The Fivemiletown mum’s comments were echoed by local councillor and Deputy Mayor of Dungannon and South Tyrone, Frances Burton.
She told the Times: “I would really urge mothers and fathers to trust their own instincts when it comes to the health of their children. All too often, doctors don’t seem to listen to mothers in particular and think that perhaps you are panicking about your child.
“A mother knows her child best and knows if they are not well. And to be in a car with a very young child who is becoming very ill very quickly, must be absolutely terrifying.
“Thankfully, in this case, the child was able to be taken by ambulance from South Tyrone Hospital on to Craigavon Hospital, and I would like to pay tribute to the staff in both places for dealing so quickly with this young baby.
“I am a mother of four myself and this must have been a horrendous episode for the family.
“Every mother should be listened to by doctors and medical personnel.
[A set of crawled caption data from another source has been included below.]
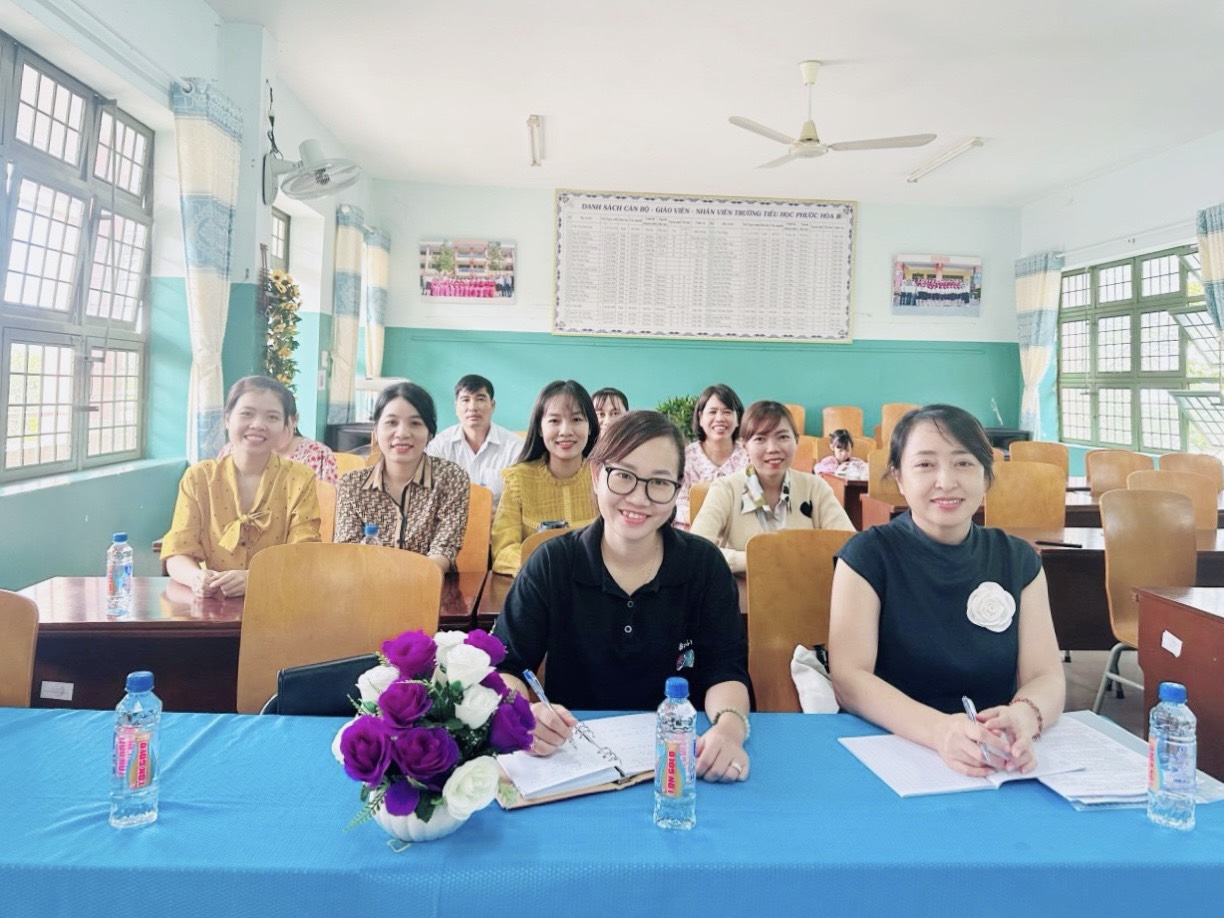 4311fbb7b3ce1a9043df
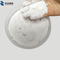 Smoke Suppressant Flame Retardant Additives Halogen Free For Polymers White Powder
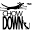 Chow Down Pet Supplies Icon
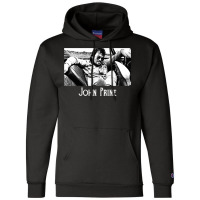 Graphic Picture Songwriter Gifts Women Champion Hoodie | Artistshot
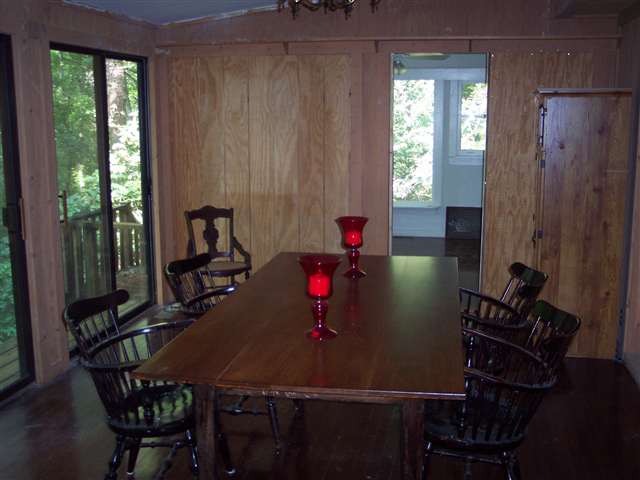 194 Centurion Lane, Unit TABLE ROCK Pickens, SC 29671 - Photo 6 of 21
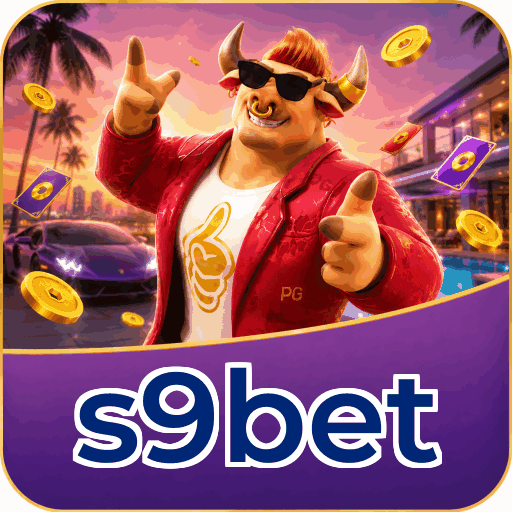 Requisitos do APK da s9bet para Android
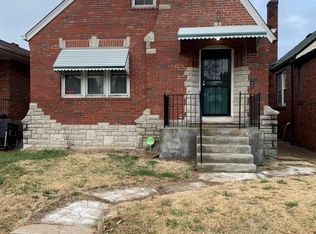6115 N Pointe Blvd, Saint Louis, MO 63147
The mother in this instance felt it was her place to speak up for her child and she did everything she could to ensure her baby was treated in the right way as babies cannot speak for themselves.”
A spokesperson for the Western Health and Social Care Trust told the Times: “To protect confidentiality the Trust does not comment on the care and treatment of individual patients.
“If a patient or their relative has any issue in relation to their treatment they are encouraged to raise such issues directly with staff in the first instance or through the Trust’s comments and complaints system - the Patients’ Advocate Office. The Patients’ Advocate Office can be contacted on 028 71611226.”